_Input material:_
——————————

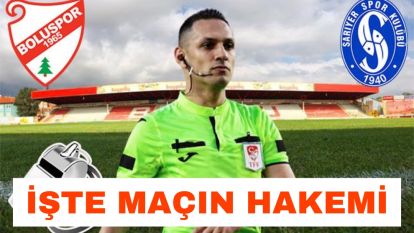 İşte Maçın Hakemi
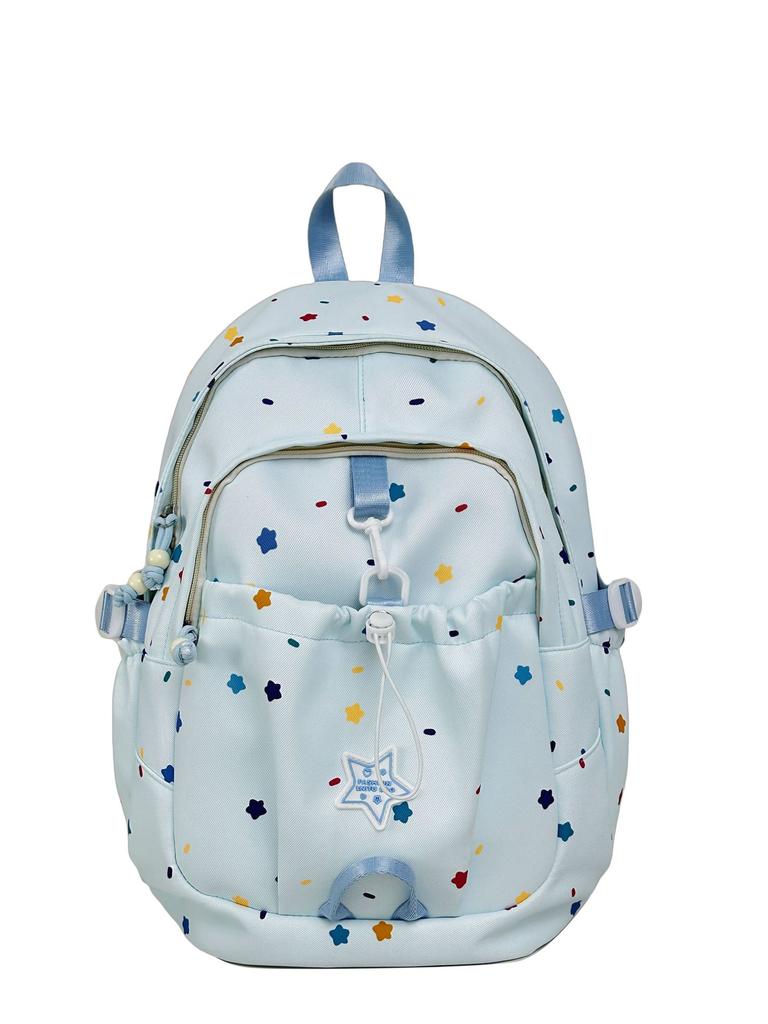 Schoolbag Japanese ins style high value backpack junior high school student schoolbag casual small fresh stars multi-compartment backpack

——————————

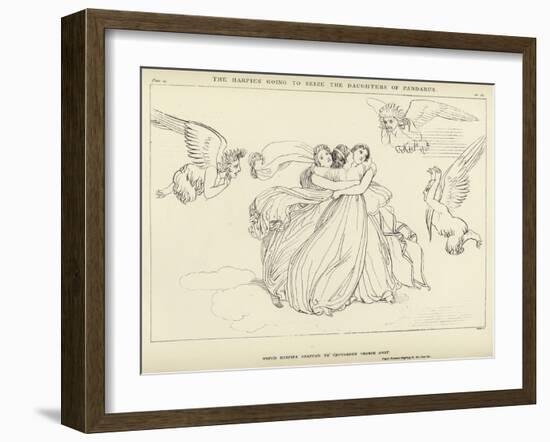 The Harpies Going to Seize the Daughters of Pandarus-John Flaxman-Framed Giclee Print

——————————

_Work to complete:_ Could you transcribe exactly the entries above, but only the lines from the one with "İşte Maçın Hakemi" through the one with "Schoolbag Japanese ins", and without pictures?

_Solution to the problem:_
 İşte Maçın Hakemi
 Schoolbag Japanese ins style high value backpack junior high school student schoolbag casual small fresh stars multi-compartment backpack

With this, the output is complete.